Dosyanın incelenmesinden, davacının ... Holding Anonim Şirketinde 17/11/2014 tarihinden 30/09/2017 tarihleri arasında iş sözleşmesi kapsamında çalışmakta iken iş akdinin işverenle sözlü olarak anlaşmaları üzere 2017 Eylül itibariyle sona erdirildiği, davacıya kıdem tazminatı, ikramiye farkı dışında işveren şirketin "İnsan Kaynakları El Kitabı" adlı kurumsal uygulamaya dair karar gereğince aynı işkollarında faaliyet gösteren başka kuruluşta çalışmama veya şirket ortağı olmama, rekabet edici faaliyet göstermeme karşılığında "hizmet ödülü" adı altında 30/9/2017 tarihinde imzaladığı taahhütname mukabilinde brüt 2.902.118,58 TL.ödeme yapıldığı, işveren tarafından kesilen gelir vergisinin bağlı bulunduğu Vergi Dairesine yatırıldığı, davacı tarafça da yapılan bu ödemenin gelir vergisinden istisna olduğundan bahisle kesilen gelir vergisinin yasal faiziyle iadesi istemiyle ilgili Vergi Dairesine yaptığı başvurunun zımnen reddi, üzerine GİB.na düzeltme ve şikayet kapsamında yaptığı başvurusunun zımnen reddi üzerine bakılmakta olan davanın açıldığı anlaşılmıştır.

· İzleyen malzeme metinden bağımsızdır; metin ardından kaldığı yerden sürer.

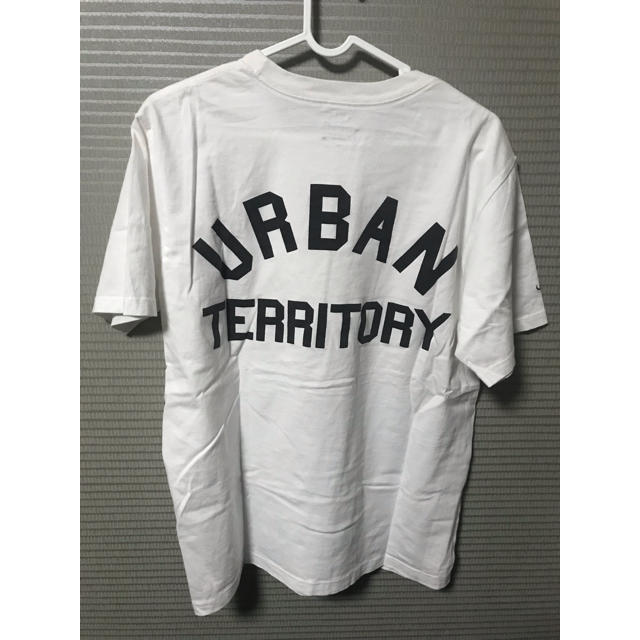 W)taps(ダブルタップス)のwtaps URBAN TERRITORY TEE M サイズ メンズのトップス(Tシャツ/カットソー(半袖/袖なし))の商品写真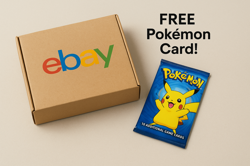 (2 FREE PACKS!) Pokemon Card Detective Pikachu Promo G 051/SV-P Sealed Korean - Image 4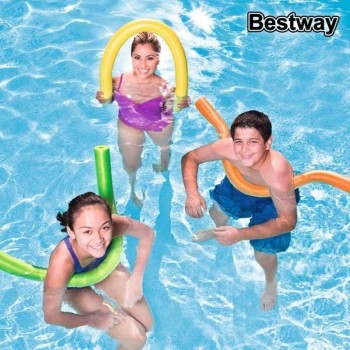 Bestway Flutuador Inflável Anéis Assento Bebê D69 cm 0 a 1 Anos Praia e Piscina 32096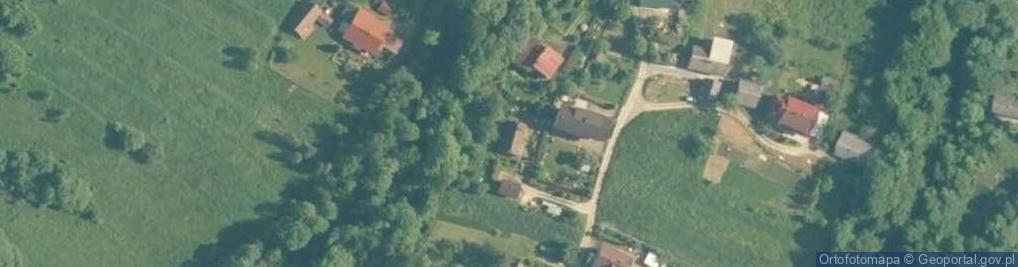 Zdjęcie satelitarne Rafał Stanaszek - Działalność Gospodarcza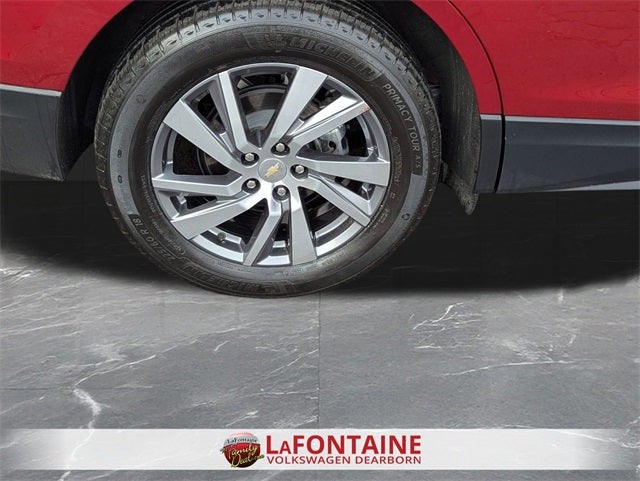 2023 Chevrolet Equinox Premier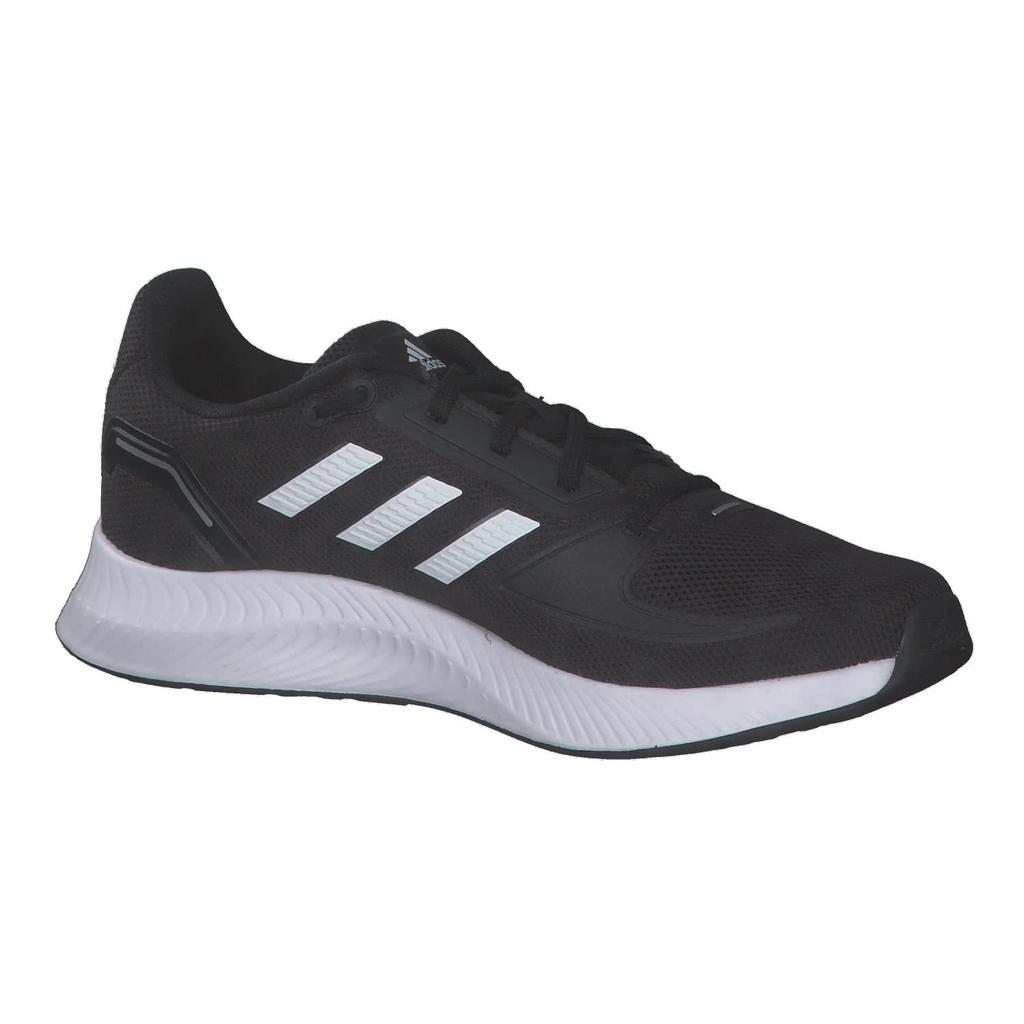Adidas CORERUNNER Running Core Six Size Cm Women's Shoes, Black/Footwear White/Grey (FY5946), 22.0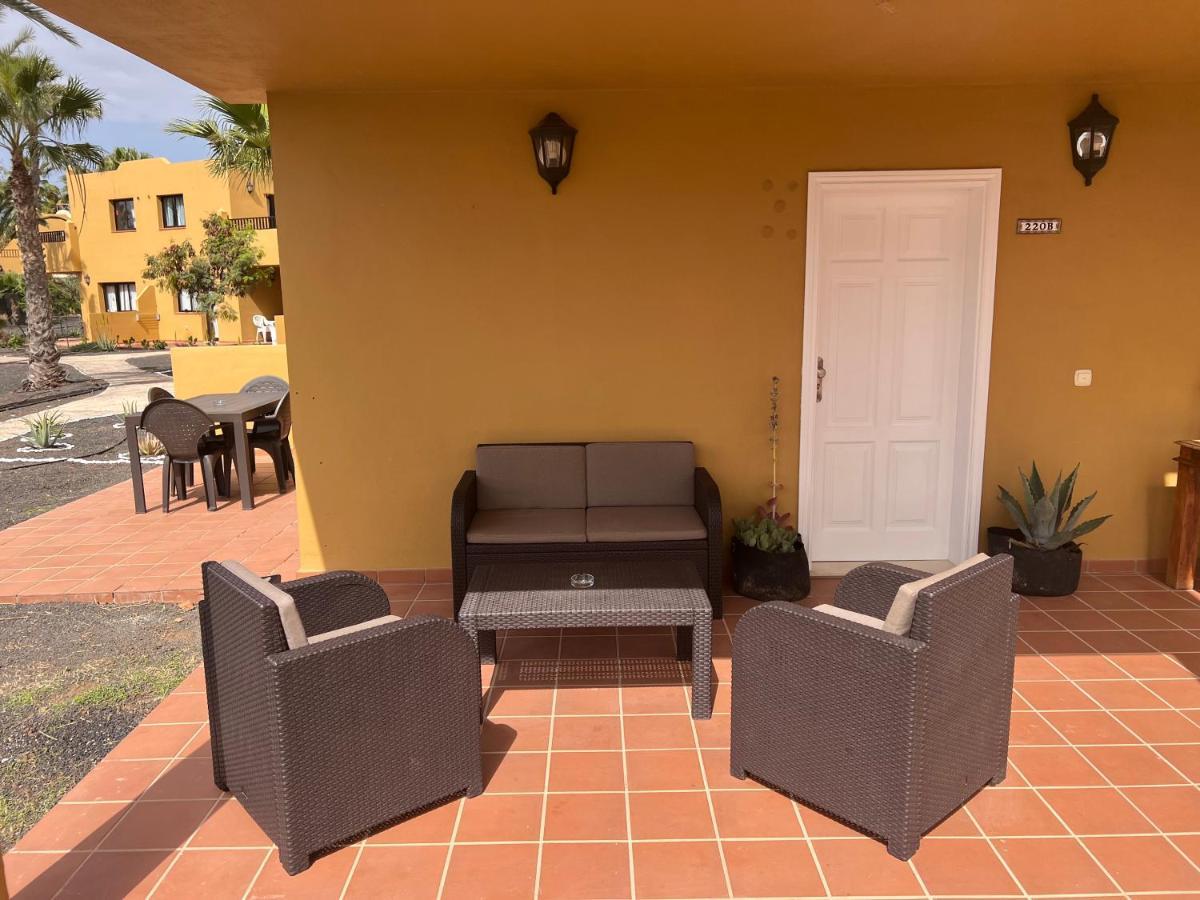 Casa Esmeralda Corralejo Exterior photo
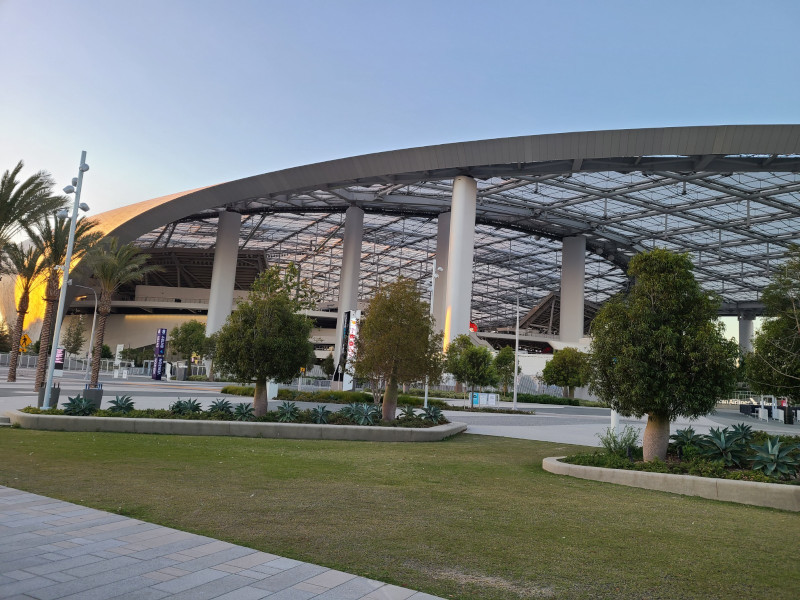 SoFi Stadium: Inglewood, California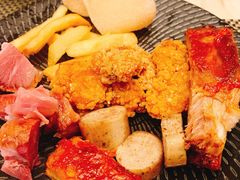 -新发展亚太JW万豪酒店·福苑咖啡厅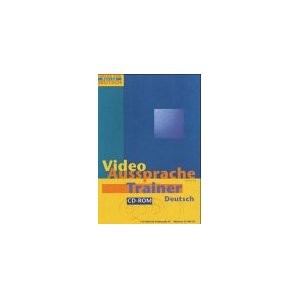 Video-Aussprachetrainer Deutsch by Ingolf Franke cover
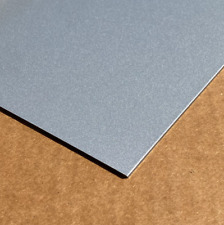 24 X 48 Aluminum Composite Sheet Silver .080 2mm Panel Acp Acm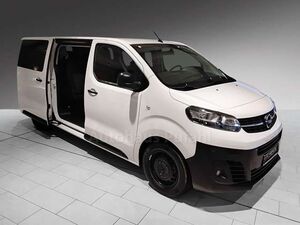 Opel Vivaro 8 Sitze L3 lang vom Opel Partner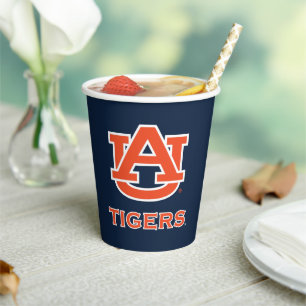 Auburn University   Auburn Paper Cups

Yukarıdaki mevzuat hükümlerinin ve dosyanın birlikte değerlendirilmesinden, davacıya "hizmet ödülü" adı altında yapılan ek ödemenin her ne ad altında ödenirse ödensin sonuç itibariyle ücret kapsamında olup, gelir vergisine tabi olduğu, iş akdinin taraflarca karşılıklı anlaşmayla sona erdirilmesi sonucunda ikale bedeli olarak davacıya ödenen tutarın 1475 sayılı Kanunun 14. maddesi uyarınca çalışanın hak edeceği kıdem tazminatına tekabül eden kısmının gelir vergisinden istisna tutulacağı, bu tutarı aşan kısmın ise hangi ad altında ödenmiş olursa olsun gelir vergisine tabi tutulması gerektiği, davacıya ikale bedeli dışında yapılan ödemelerin ise mevzuat gereğince ücret sayılan ödemelerden olup gelir vergisi kesintisine tabi olduğu değerlendirildiğinden, Mahkemece sırf "hizmet ödülü" olarak adlandırıldığından bu ödemenin şirketin yasal zorunluluğu olmadan yapıldığı, tamamen şirketin kendi içerisinde yapmış olduğu düzenlemeler ve bu doğrultuda benimsenen genel bir uygulamaya dayanılarak, davacıya işsiz kalması sebebiyle iş hukukundan doğan yasal hakları dışında, yasal zorunluluk olmadan yardım amaçlı yapılan bir ödeme olduğu sonucuna varılarak gelir vergisi kesintisi yapılmasına olanak bulunmadığı gerekçesiyle verilen kararın kaldırılması istemiyle yapılan istinaf başvurusunun reddine dair kararda isabet görülmemiştir.
KARAR SONUCU :
Açıklanan nedenlerle;
1. Temyiz isteminin kabulüne,
2. Temyize konu ... Bölge İdare Mahkemesi ... Vergi Dava Dairesinin … tarih ve E:…, K:… sayılı kararının BOZULMASINA,
3. Yeniden bir karar verilmek üzere dosyanın anılan Vergi Dava Dairesine gönderilmesine, 08/06/2021 tarihinde oyçokluğuyla karar verildi.
(X) KARŞI OY :
Temyiz dilekçesinde öne sürülen hususlar, temyize konu mahkeme kararının bozulmasını sağlayacak nitelikte bulunmadığından temyiz isteminin reddi gerektiği görüşüyle Dairemiz kararına katılmıyoruz.